- [AIM OF THE TASK] The answer must restate the records below word for word.
STUDY MATERIAL: Begin
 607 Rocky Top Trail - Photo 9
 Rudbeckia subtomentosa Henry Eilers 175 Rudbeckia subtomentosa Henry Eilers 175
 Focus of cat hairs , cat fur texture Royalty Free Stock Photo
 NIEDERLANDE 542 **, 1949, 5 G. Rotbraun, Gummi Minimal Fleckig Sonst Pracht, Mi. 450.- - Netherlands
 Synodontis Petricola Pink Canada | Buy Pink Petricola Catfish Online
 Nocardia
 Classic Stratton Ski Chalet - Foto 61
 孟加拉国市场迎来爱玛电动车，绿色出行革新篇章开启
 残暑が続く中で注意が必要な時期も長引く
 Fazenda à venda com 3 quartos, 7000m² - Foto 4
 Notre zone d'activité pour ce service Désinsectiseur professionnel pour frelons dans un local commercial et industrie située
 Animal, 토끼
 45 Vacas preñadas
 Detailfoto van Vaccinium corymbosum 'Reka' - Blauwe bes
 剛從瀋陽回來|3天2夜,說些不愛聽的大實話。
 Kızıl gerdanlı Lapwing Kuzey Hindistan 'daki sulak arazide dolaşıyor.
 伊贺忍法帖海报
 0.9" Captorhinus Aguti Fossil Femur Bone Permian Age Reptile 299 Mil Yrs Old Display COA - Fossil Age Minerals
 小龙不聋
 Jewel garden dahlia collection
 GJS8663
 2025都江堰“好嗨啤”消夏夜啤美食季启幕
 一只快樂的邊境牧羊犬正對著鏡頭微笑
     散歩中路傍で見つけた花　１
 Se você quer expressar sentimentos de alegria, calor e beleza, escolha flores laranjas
STUDY MATERIAL: End
- [SOLUTION TO THIS EXERCISE]
 607 Rocky Top Trail - Photo 9
 Rudbeckia subtomentosa Henry Eilers 175 Rudbeckia subtomentosa Henry Eilers 175
 Focus of cat hairs , cat fur texture Royalty Free Stock Photo
 NIEDERLANDE 542 **, 1949, 5 G. Rotbraun, Gummi Minimal Fleckig Sonst Pracht, Mi. 450.- - Netherlands
 Synodontis Petricola Pink Canada | Buy Pink Petricola Catfish Online
 Nocardia
 Classic Stratton Ski Chalet - Foto 61
 孟加拉国市场迎来爱玛电动车，绿色出行革新篇章开启
 残暑が続く中で注意が必要な時期も長引く
 Fazenda à venda com 3 quartos, 7000m² - Foto 4
 Notre zone d'activité pour ce service Désinsectiseur professionnel pour frelons dans un local commercial et industrie située
 Animal, 토끼
 45 Vacas preñadas
 Detailfoto van Vaccinium corymbosum 'Reka' - Blauwe bes
 剛從瀋陽回來|3天2夜,說些不愛聽的大實話。
 Kızıl gerdanlı Lapwing Kuzey Hindistan 'daki sulak arazide dolaşıyor.
 伊贺忍法帖海报
 0.9" Captorhinus Aguti Fossil Femur Bone Permian Age Reptile 299 Mil Yrs Old Display COA - Fossil Age Minerals
 小龙不聋
 Jewel garden dahlia collection
 GJS8663
 2025都江堰“好嗨啤”消夏夜啤美食季启幕
 一只快樂的邊境牧羊犬正對著鏡頭微笑
     散歩中路傍で見つけた花　１
 Se você quer expressar sentimentos de alegria, calor e beleza, escolha flores laranjas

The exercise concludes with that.